What this task involves: Omitting the pictures, print every line below exactly as it stands.

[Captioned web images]
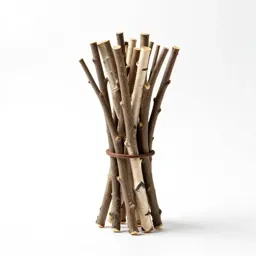 Birch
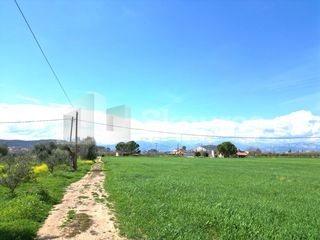 Αγροτεμάχια 6.000 τ.μ. για πώληση, Αργολίδα, Ναύπλιο-thumb-15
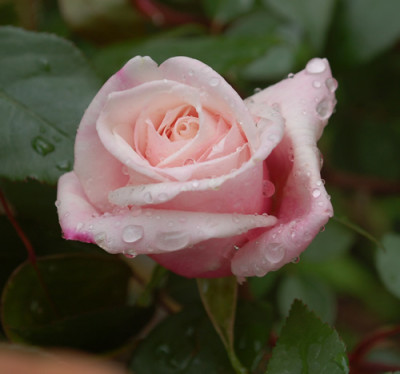 Mme_Amntoine_Mari__0010__T1_46140.jpg
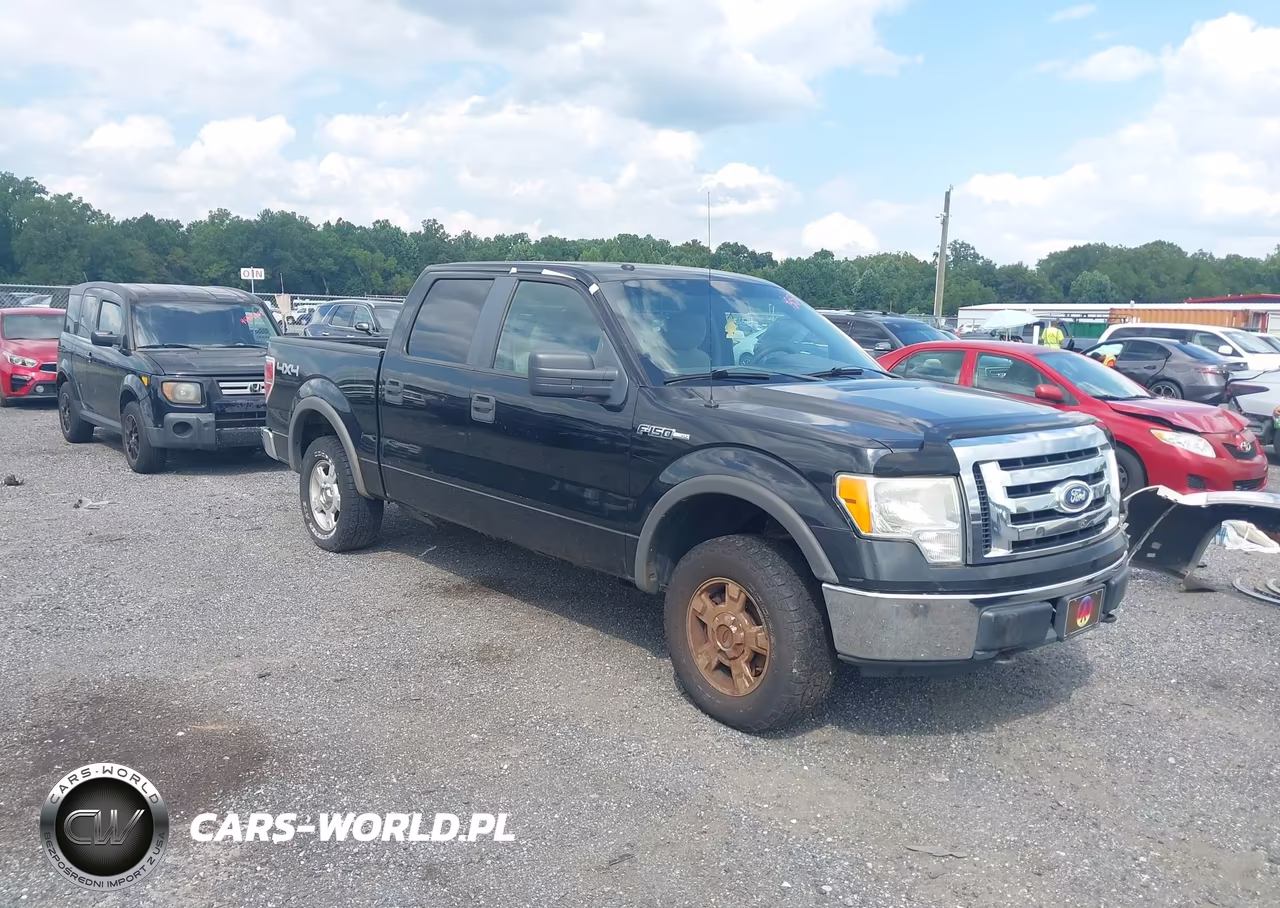 2010 Ford F-150 Xl-Xlt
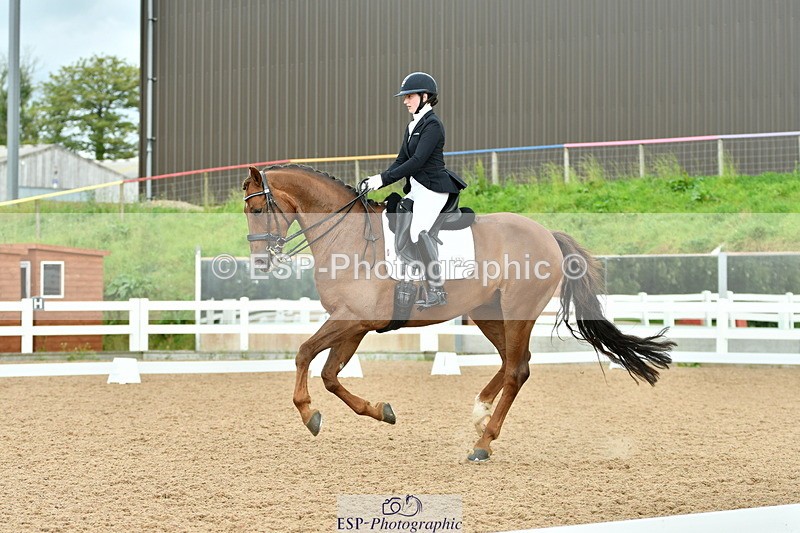 230912A-153257-01588 - Cls 13 Adv Medium 91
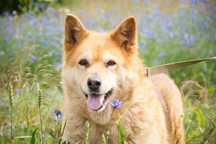 Gizela- beżowa psia dama do adopcji !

Output for this task:
 Birch
 Αγροτεμάχια 6.000 τ.μ. για πώληση, Αργολίδα, Ναύπλιο-thumb-15
 Mme_Amntoine_Mari__0010__T1_46140.jpg
 2010 Ford F-150 Xl-Xlt
 230912A-153257-01588 - Cls 13 Adv Medium 91
 Gizela- beżowa psia dama do adopcji !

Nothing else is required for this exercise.